For my part, as a doctor, I have always been ashamed at how easily our noble profession was seduced during the Nazi years. Apparently more than 50 percent of German doctors joined the Party, although there was absolutely no evidence that anything negative happened to the other half that did not. But what I did not know until recently was that fully 80% of the anthropologists had signed up.
I am of course hardly equating the AAA nowadays with the Nazi regime of the 1930s and 40s, although there are clearly some anti-Semites within the organization today. And furthermore, speaking of anti-Semitism, I do not necessarily equate anti-Zionism with anti-Semitism, although again it is clear that many (but not all) of the proponents of the former movement belong to the latter.
Finally, it goes without saying that I do not consider fair criticism of Israeli government policy as verboten in any way . In fact, to this end I and my three fellow letter writers could present a very long list ourselves.
That being said the AAA is shaming itself via shoddy thinking, politically correct posturing and a dangerous flirtation with anti-Semitism. If de-legitimization (as opposed to criticism) of the Jewish national homeland ain’t, I really don’t know what is.
Despite the doleful story so far, this tale does not have to end in tears. As the AAA leadership has taken pains to point out, so far their learned report is just that, a report , albeit to any fair minded person a highly flawed one. It is to be followed by electronic vote of the whole membership as to whether the association wants to boycott the likes of me. And if they do vote to shun Israeli academe, believe me I will have a very hard time explaining this development to my perplexed Israeli Arab students and patients.

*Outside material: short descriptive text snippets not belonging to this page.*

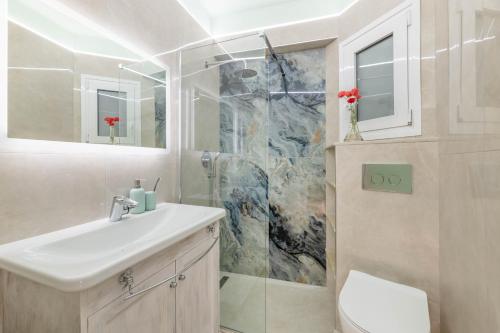 a bathroom with a sink and a shower at Lydia's Luxury Apartment in Loutraki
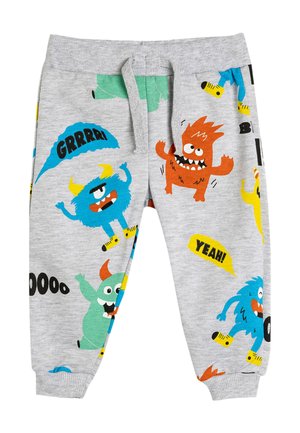 Grå sweatpants med farverige monstergrafikker og tekst som "GRRRR!" og "YEAH!" samt elastisk talje og manchetter.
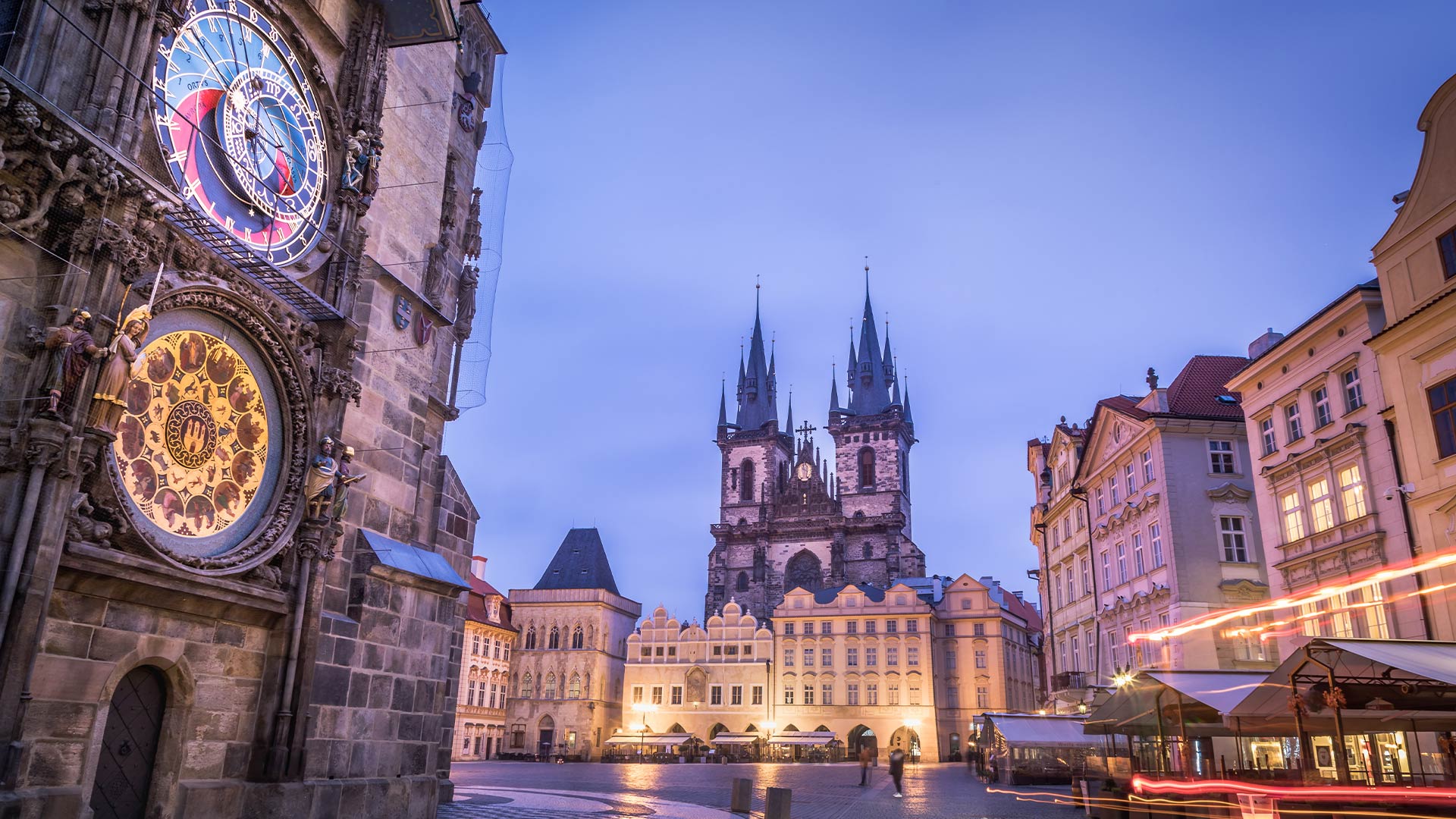 Astronomical Clock and Týn Church lit up at dusk in Prague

Despite the overwhelming support for a boycott voted on at the latest AAA convention last month let us hope that the full AAA membership will actually confound its leaders and study the issue carefully and consider the implications of a BDS vote against Israeli academia. A vote to boycott will help neither Israeli Jews, nor Israeli Arabs nor the Palestinian cause. In the end it will only shame the members of this organization which one would have thought had better, more noble, and above all more critically academic aspirations.

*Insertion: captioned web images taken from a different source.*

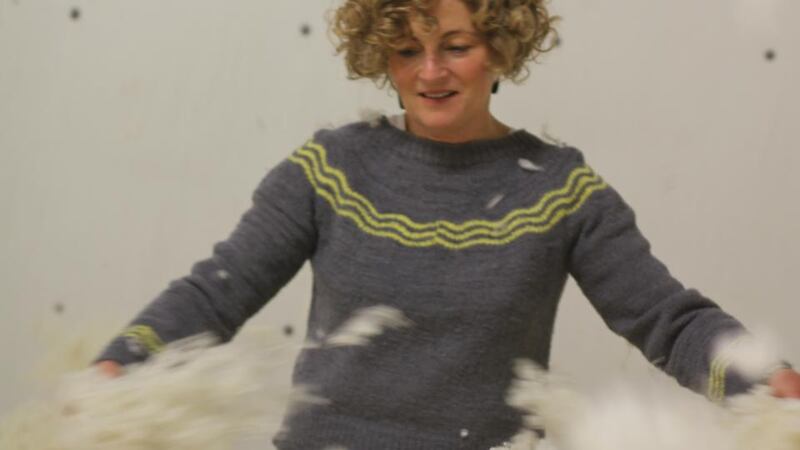 Joan Lucey of Yarn Vibes inspecting wool at Donegal Yarns.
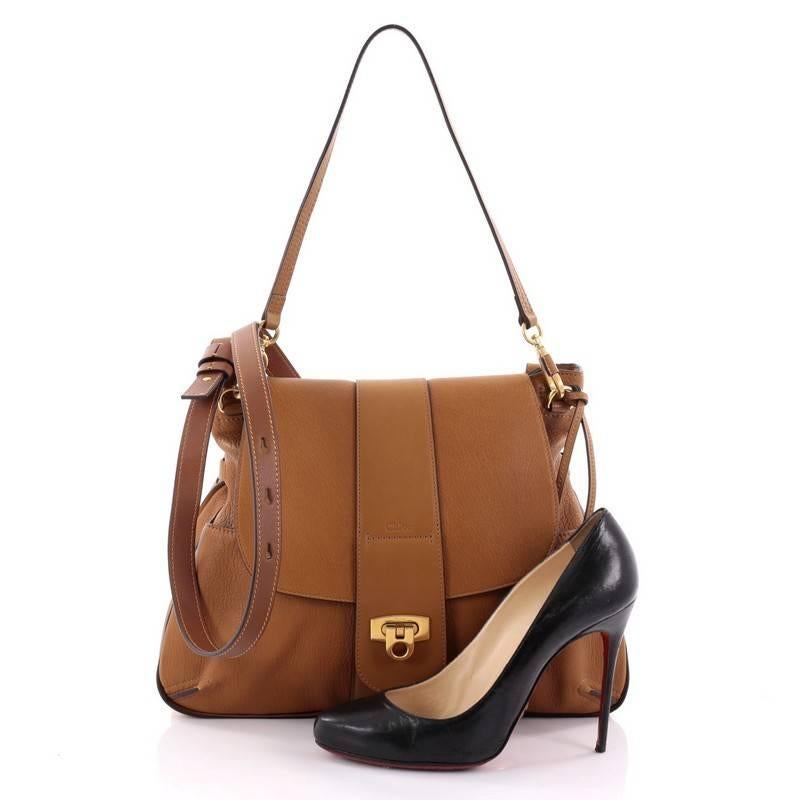 This authentic Chloe Lexa Crossbody Bag Leather Medium is perfect for your fall wardrobe. Crafted in brown leather, this bag features long leather shoulder strap, belted panel, exterior back pocket, two front flap pockets and gold-tone hardware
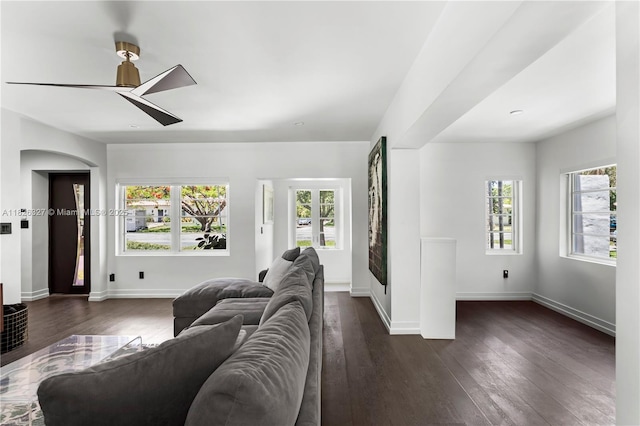 600 NE 55th Ter, Miami, FL 33137 - living room featuring a ceiling fan, dark wood-style flooring, and arched walkways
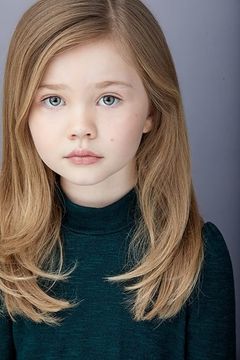 Josie M. Parker interpreta Laine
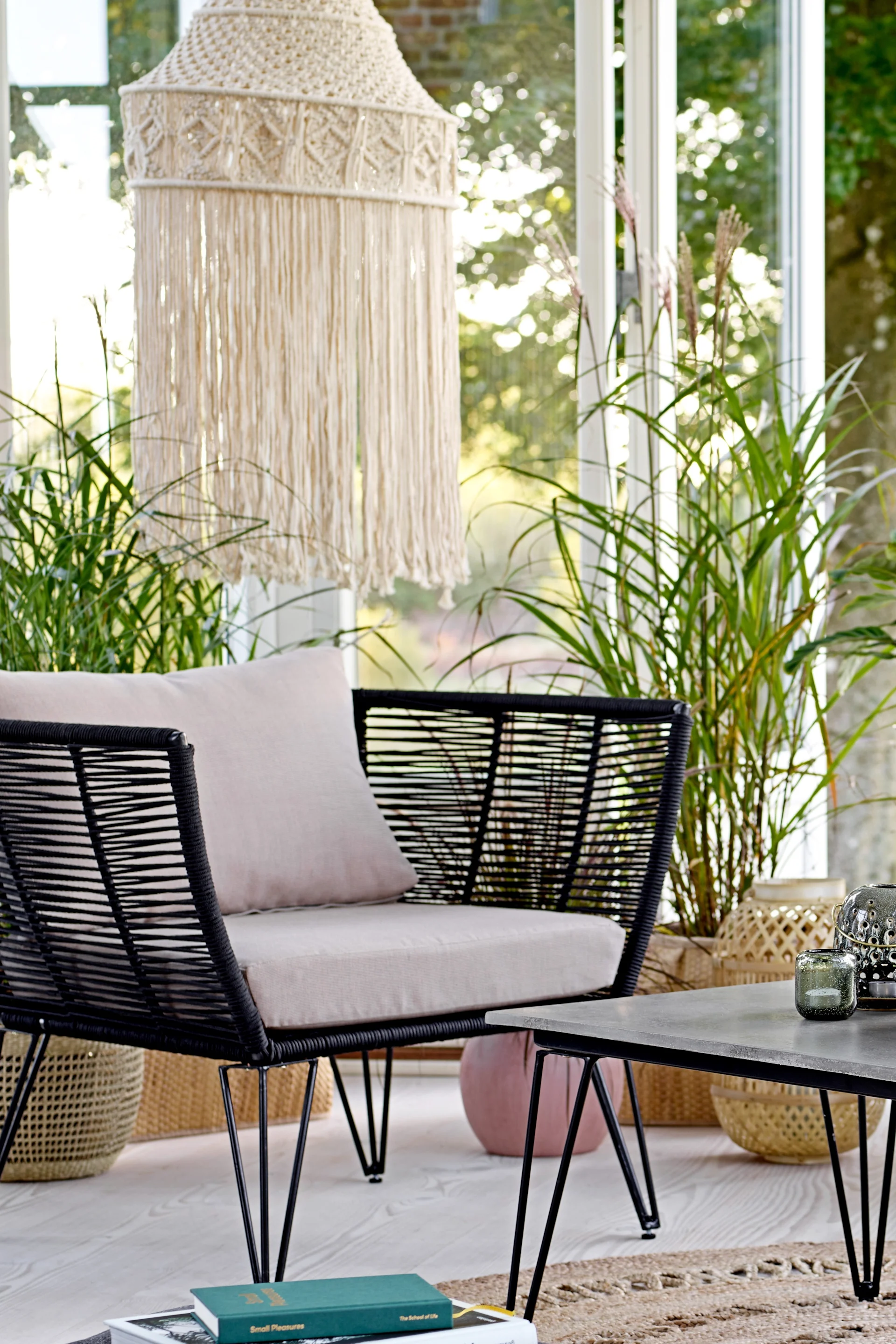 Le fauteuil lounge Mundo de Bloomingville correspond au style déco bohème typique et se trouve ici dans un espace lounge ouvert.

We ended our missive with a heartfelt plea:
“We ask you in the American Anthropological Association to engage with us openly, on the issues themselves, on the manner in which your organization’s report was compiled, on its framing position, on its content. We ask that in a spirit of open dialogue and fairness to your process that you find a way to distribute our views to your membership so that before the final vote is tallied there can truly be both a proper ‘conversation’ and open ‘dialogue’ among academic colleagues.”
Four weeks later we are still awaiting a real response.